» **EXERCISE DETAILS**:
Repeat the data as given. Images do not go in the copy.
##### GIVEN RECORDS #####
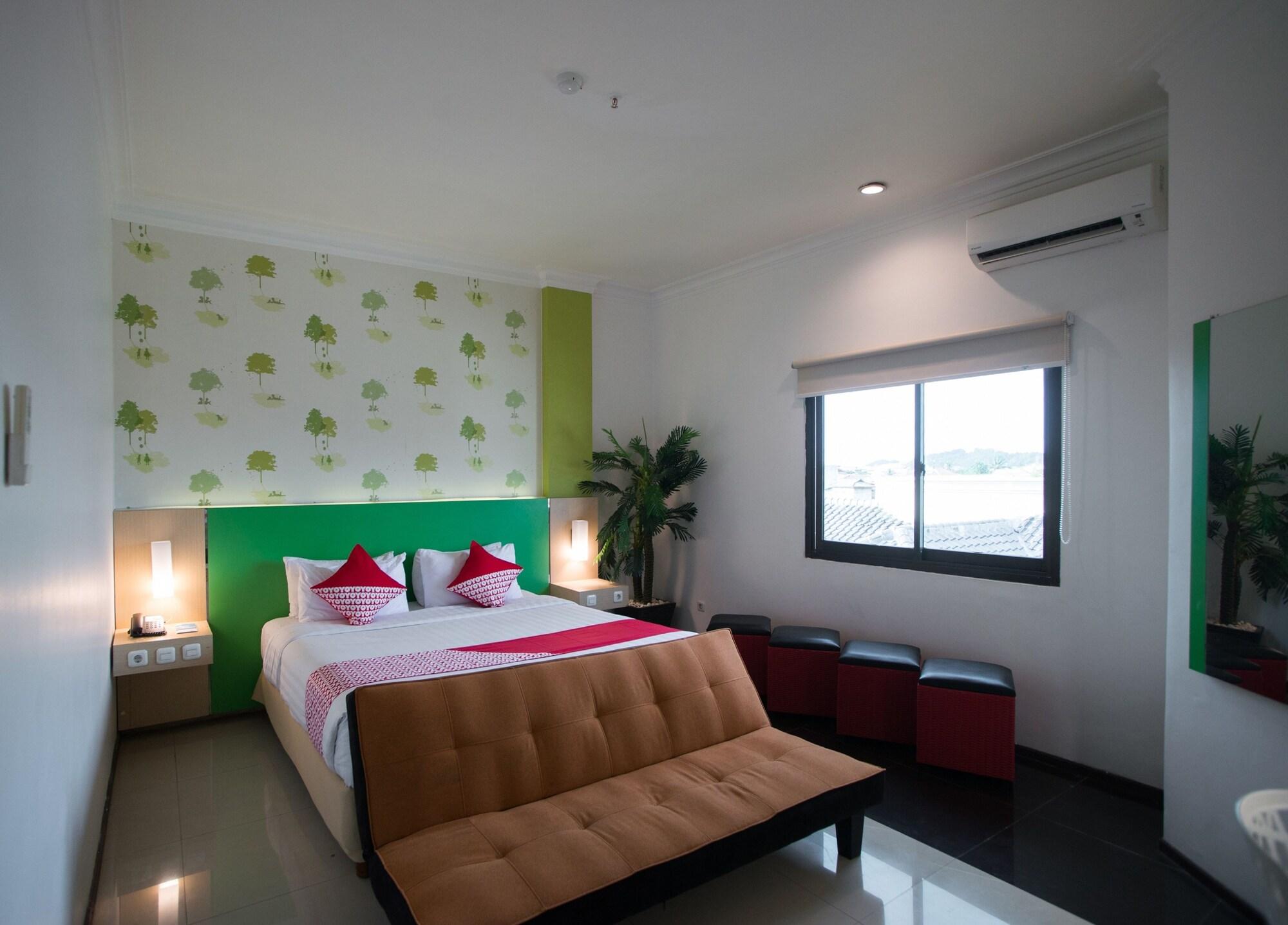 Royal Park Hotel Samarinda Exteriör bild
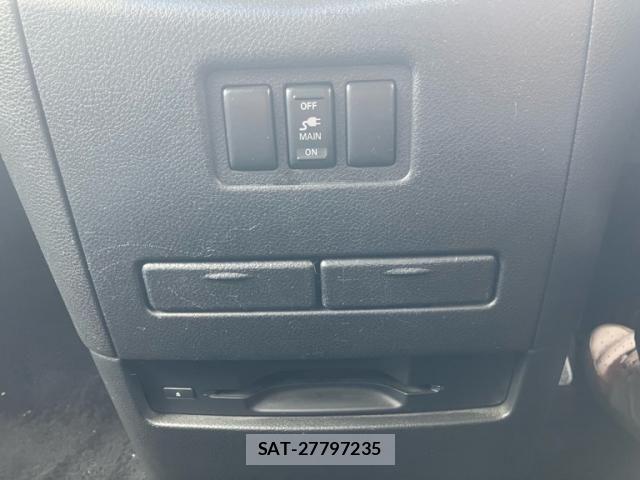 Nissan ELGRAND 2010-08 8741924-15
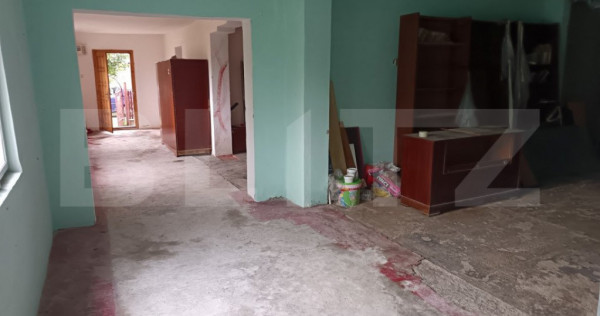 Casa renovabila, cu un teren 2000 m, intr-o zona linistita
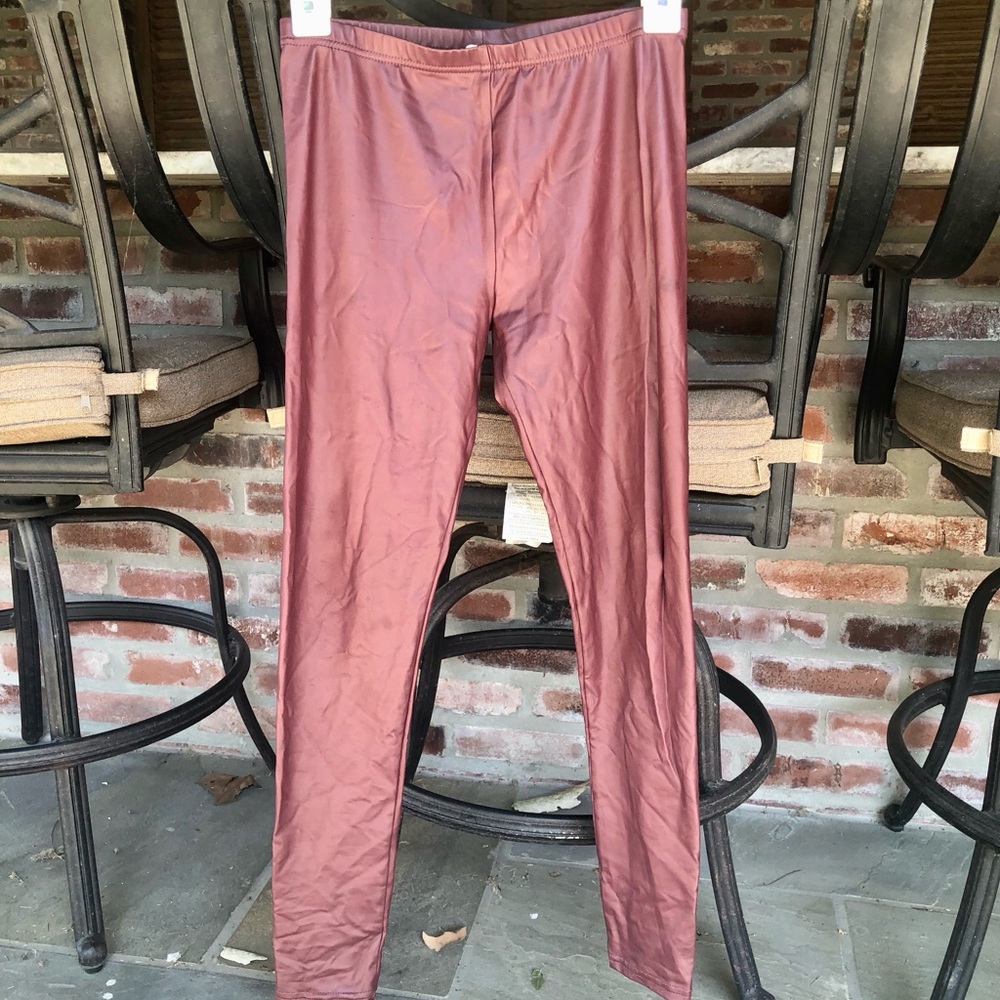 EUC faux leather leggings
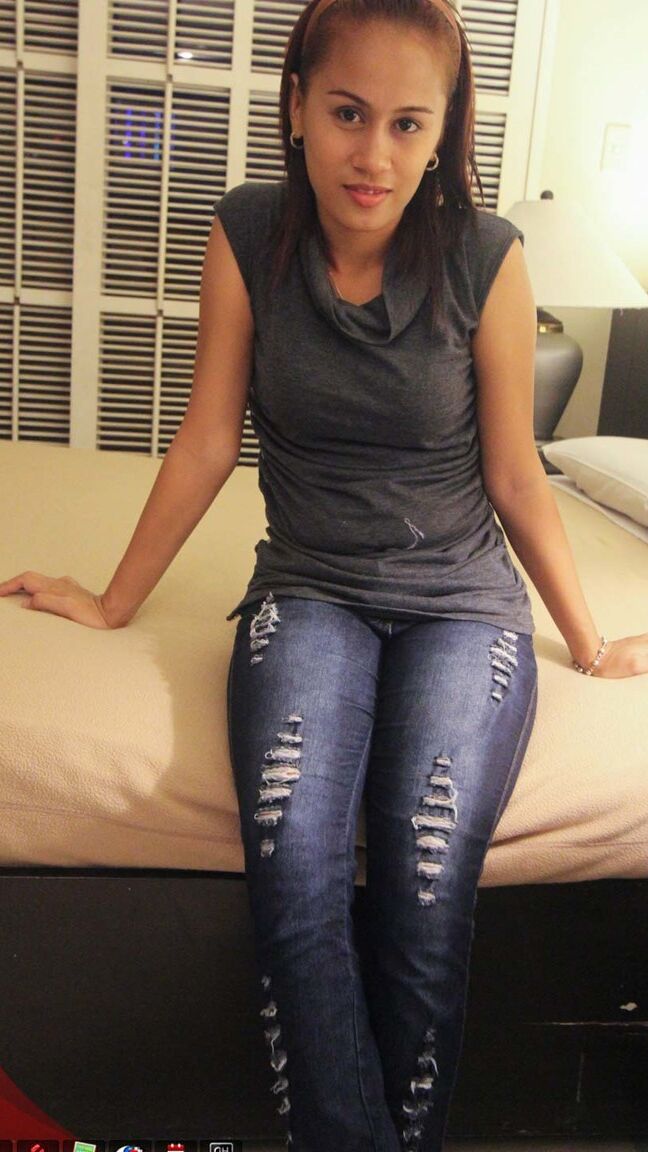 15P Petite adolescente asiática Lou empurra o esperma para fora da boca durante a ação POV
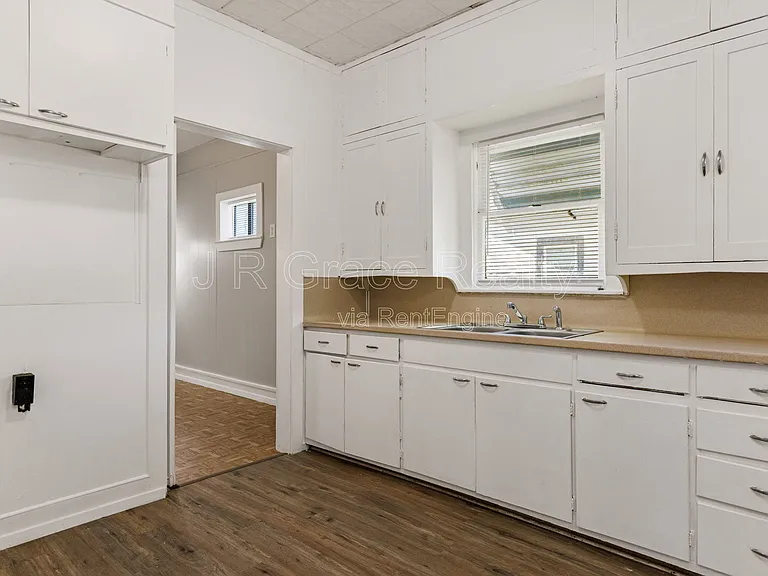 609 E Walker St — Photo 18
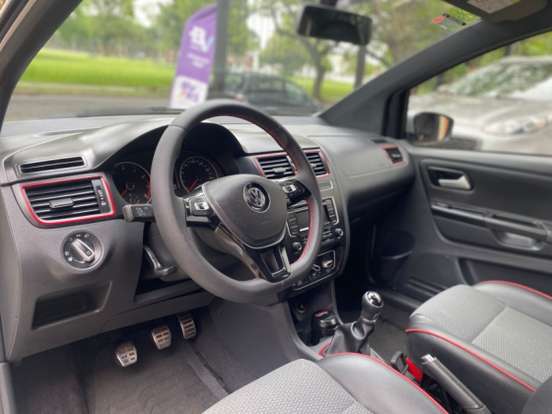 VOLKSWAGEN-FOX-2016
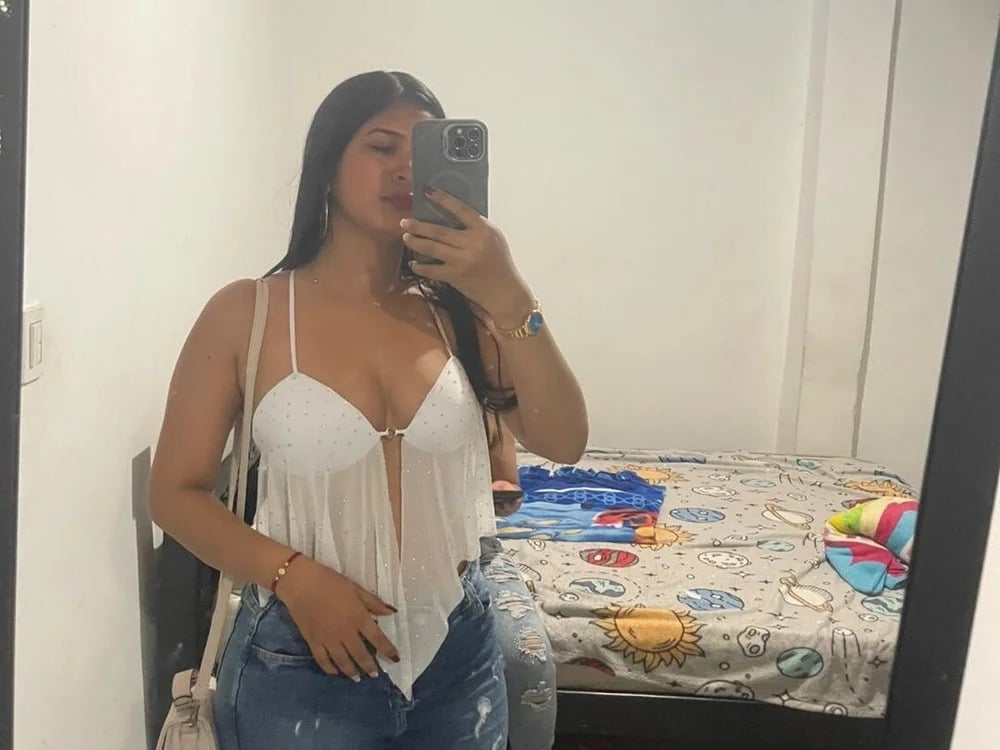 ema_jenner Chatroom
#####
» **RESULT FOR THIS TASK**:
 Royal Park Hotel Samarinda Exteriör bild
 Nissan ELGRAND 2010-08 8741924-15
 Casa renovabila, cu un teren 2000 m, intr-o zona linistita
 EUC faux leather leggings
 15P Petite adolescente asiática Lou empurra o esperma para fora da boca durante a ação POV
 609 E Walker St — Photo 18
 VOLKSWAGEN-FOX-2016
 ema_jenner Chatroom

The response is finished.